Available data ::
::::::::

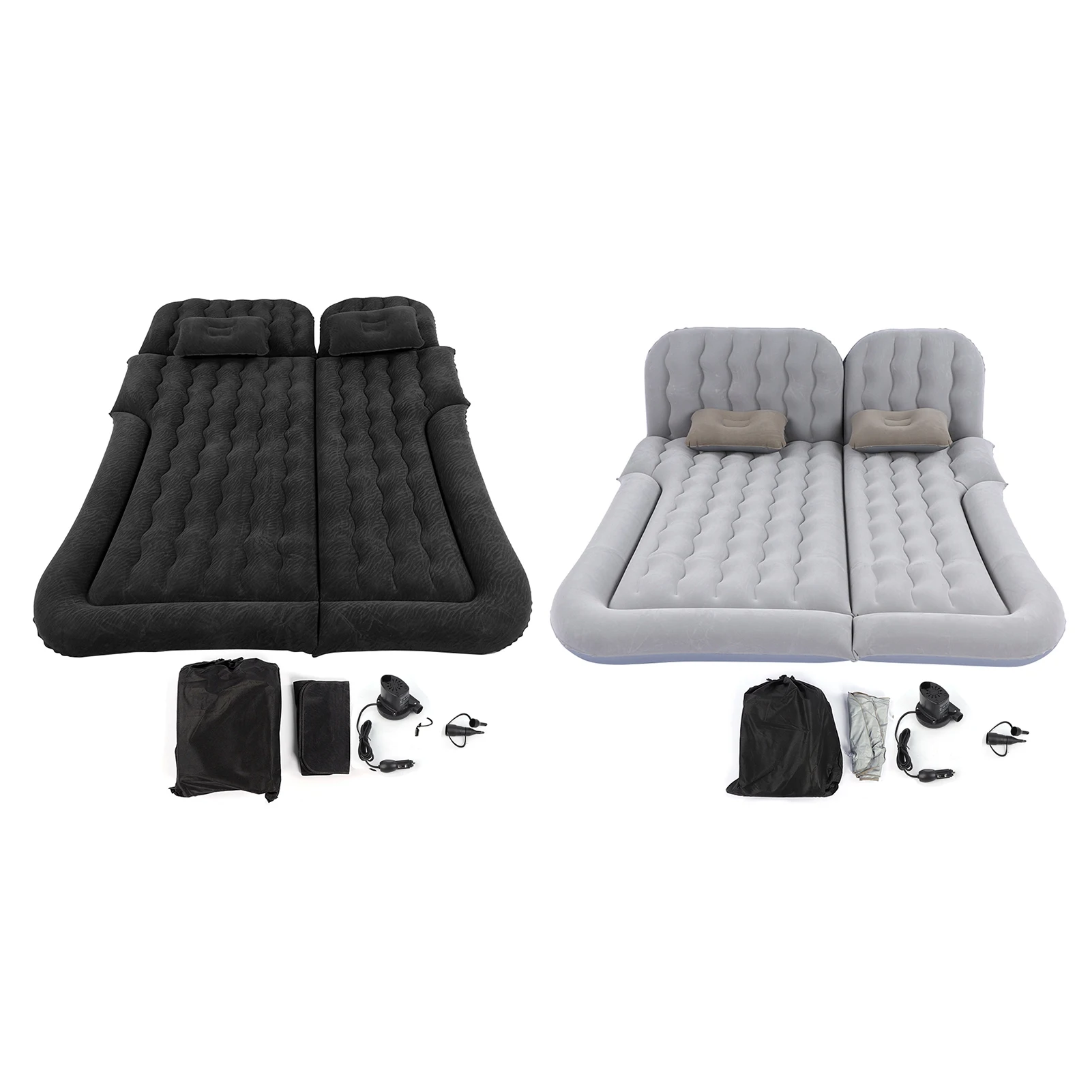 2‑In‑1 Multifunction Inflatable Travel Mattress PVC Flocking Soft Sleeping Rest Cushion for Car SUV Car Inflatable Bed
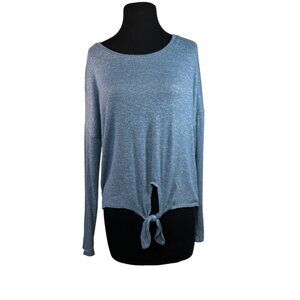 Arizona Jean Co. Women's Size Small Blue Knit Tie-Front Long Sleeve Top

::::::::

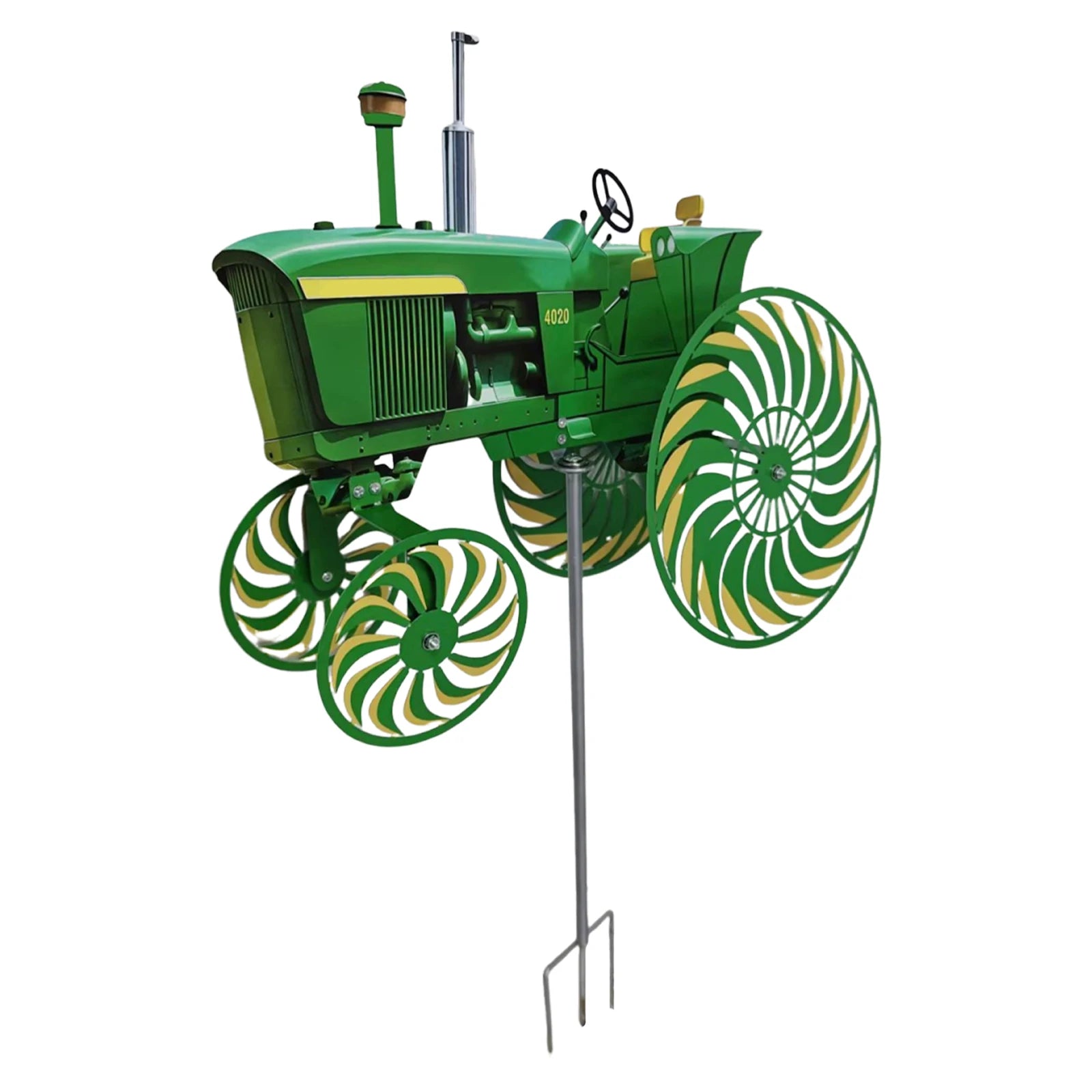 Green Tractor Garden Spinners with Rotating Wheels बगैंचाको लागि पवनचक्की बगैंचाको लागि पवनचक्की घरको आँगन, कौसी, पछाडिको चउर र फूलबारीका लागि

::::::::

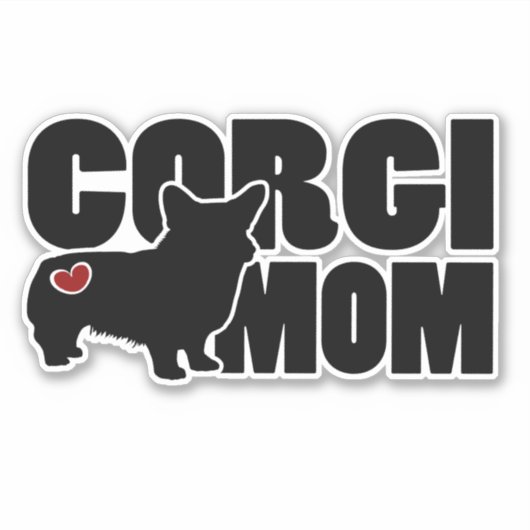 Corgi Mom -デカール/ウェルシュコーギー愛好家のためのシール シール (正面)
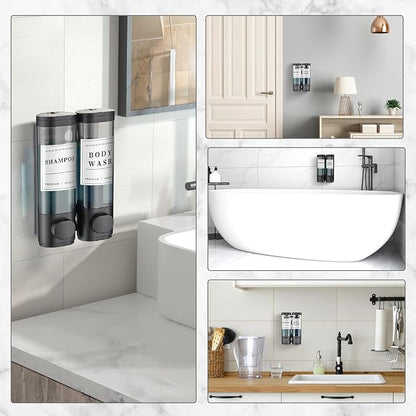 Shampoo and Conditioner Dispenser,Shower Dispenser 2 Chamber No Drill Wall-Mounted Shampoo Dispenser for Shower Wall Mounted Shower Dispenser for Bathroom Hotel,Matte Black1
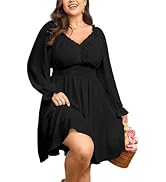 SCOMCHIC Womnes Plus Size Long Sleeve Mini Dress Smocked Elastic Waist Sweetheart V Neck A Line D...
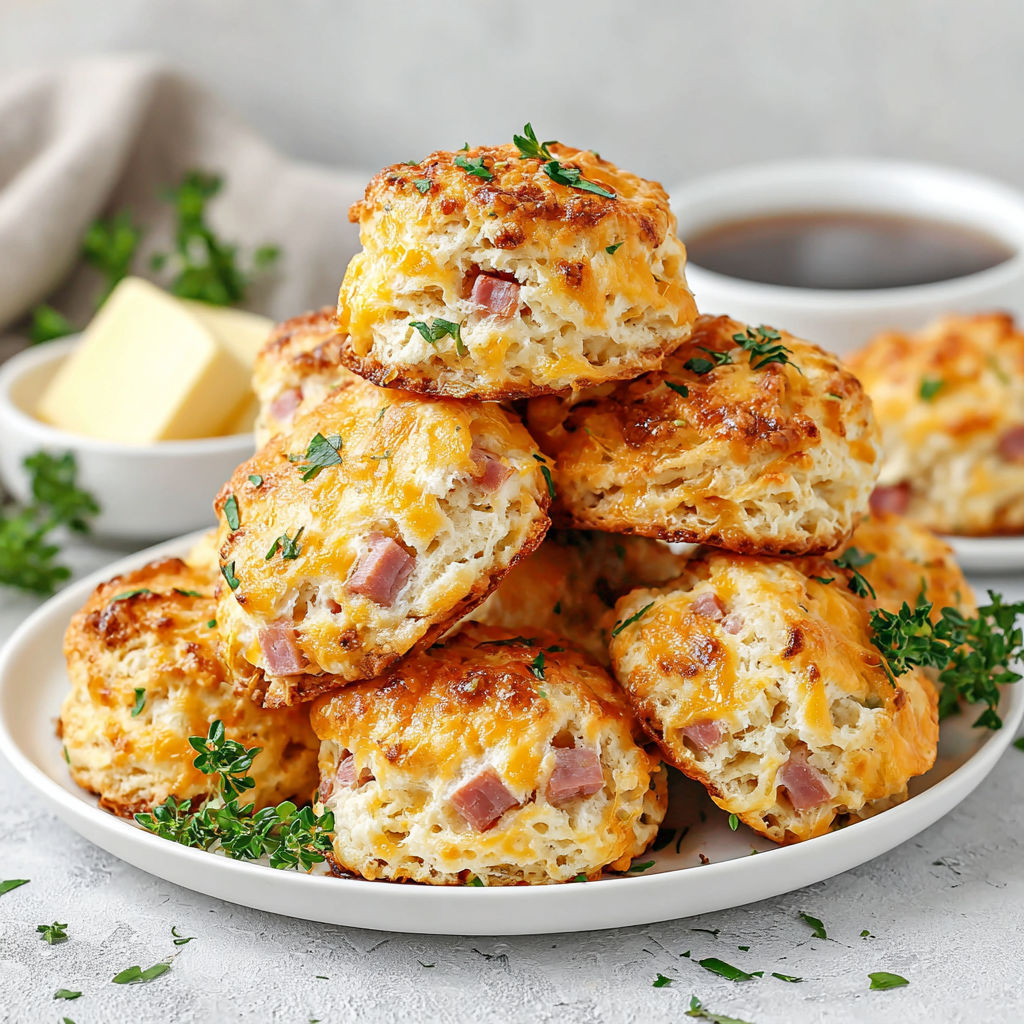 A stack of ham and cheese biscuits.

::::::::

Task :: Would you set down only the lines above from the line with "Corgi Mom -デカール/ウェルシュコーギー愛好家のためのシール シール (正面)" to the line with "Shampoo and Conditioner", both included, exactly as they stand and without the pictures?

Completed task ::
 Corgi Mom -デカール/ウェルシュコーギー愛好家のためのシール シール (正面)
 Shampoo and Conditioner Dispenser,Shower Dispenser 2 Chamber No Drill Wall-Mounted Shampoo Dispenser for Shower Wall Mounted Shower Dispenser for Bathroom Hotel,Matte Black1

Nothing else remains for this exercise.